And unless I'm missing something, there's no data to say that (1) is actually happening -- is there? Isn't Sony principally stealing share from other companies than Canon?

- A


----------



## Sporgon (Apr 2, 2018)

efmshark said:


> What would be the point of a mirrorless with EF mount as a photo camera? It would have to be nearly the same size as a 5D or 6D, and it would be missing many of the features of a DSLR. If the primary focus of such a camera is video, the answer may be different, but Canon already has a dedicated professional product line for that.



+ 1

Also if Canon were to develop a FF mirrorless with the EF flange distance, so quite a ‘fat’ body for mirrorless, why not have the current cameras with an interchangeable head. Exchange the pentaprism module for an EVF, the mirror automatically locks up out of the way and the camera behaves just like an overgrown M5. So you can have your cake and eat it; the video people get a proper working viewfinder and the ‘I-want-mirrorless’ crowd get their EVF, , peaking, WYSIWYG, faster frame rates, focus off the chip etc. Once you’ve realised that all that stuff isn’t quite what it’s cracked up to be you can unplug the EVF and replace it with your prism head. Mirror drops down et voila, you’ve a proper camera again. 

I don’t believe that heavy weight or lack of it has anything to do with it; I think it’s all about the tangibility.


----------



## neuroanatomist (Apr 2, 2018)

transpo1 said:


> Two quotes that make it plain as day- why mirrorless from Canon/Nikon, and why now:
> 
> _Sony also pushes the backs of both companies by pushing out mirrorless and *enhancing its presence* in the professional market.
> 
> ...



Personally, I don't find facts astounding...but that's me.

Since Sony didn't have a 1-series competitive model until the a9, that model obviously enhanced their presence in that market. 0 + 1 = 1, even Captain Obvoius can do simple arithmetic.

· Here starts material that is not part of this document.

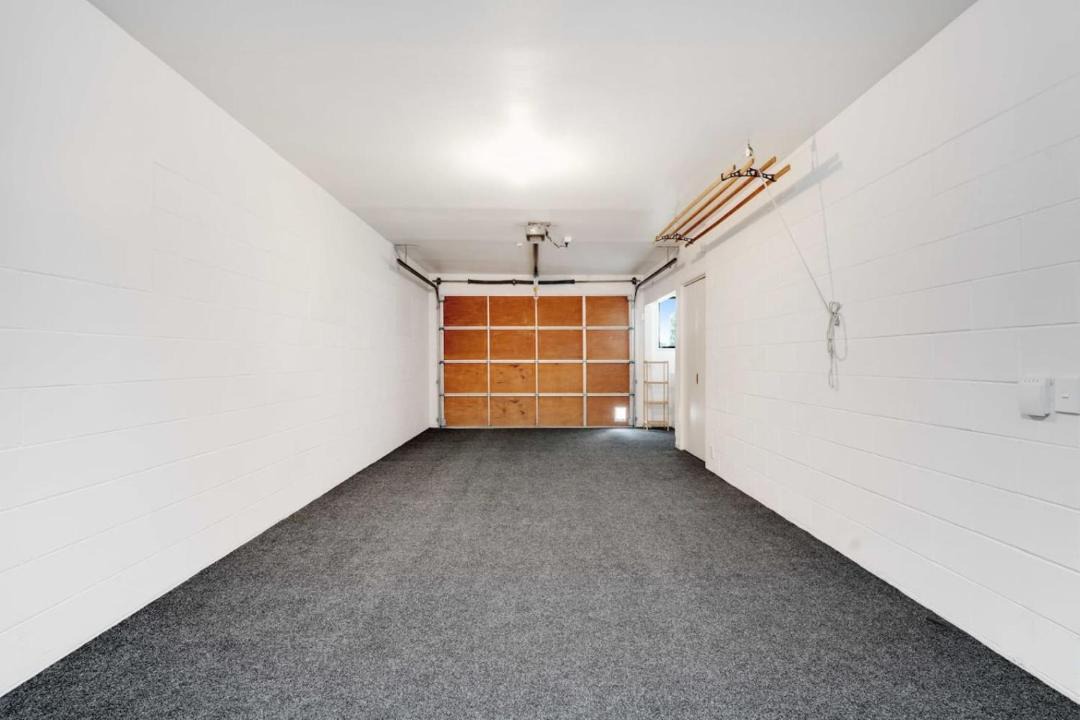 Photo of Others in Ponsonby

'Are seen' is _perception_. The perception in certain media outlets is that Sony's FF MILC are on the rise. The market data do not support that perception, but some news/entertainment outlets don't let reality get in the way of publication. Also note that the second bit of your quote is canonnews' _interpretation_ of the Nikkei article, not a quote from the Nikkei news article. Perception again.


----------



## ahsanford (Apr 2, 2018)

Sporgon said:


> Also if Canon were to develop a FF mirrorless with the EF flange distance, so quite a ‘fat’ body for mirrorless, why not have the current cameras with an interchangeable head. Exchange the pentaprism module for an EVF, the mirror automatically locks up out of the way and the camera behaves just like an overgrown M5. So you can have your cake and eat it; the video people get a proper working viewfinder and the ‘I-want-mirrorless’ crowd get their EVF, , peaking, WYSIWYG, faster frame rates, focus off the chip etc. Once you’ve realised that all that stuff isn’t quite what it’s cracked up to be you can unplug the EVF and replace it with your prism head. Mirror drops down et voila, you’ve a proper camera again.



I've said the same thing for making the LCD on the back a modular cartridge like attachment, so you can swap out a fixed screen for a tilty-flippy without needing to offer two body SKUs.

There are technical hurdles/challenges/reasons why this (or your idea) is likely never going to happen, but why they don't do stuff like this is pretty simple. I think they'd like to sell us more than one body.

- A


----------



## canonnews (Apr 2, 2018)

transpo1 said:


> Two quotes that make it plain as day- why mirrorless from Canon/Nikon, and why now:
> 
> _Sony also pushes the backs of both companies by pushing out mirrorless and enhancing its presence in the professional market.
> 
> ...



I think you're putting words into my mouth here. I didn't state it as definitive fact that Sony is on the rise. They are just perceived as such, which is the narrative in the chatter here in these forums and elsewhere.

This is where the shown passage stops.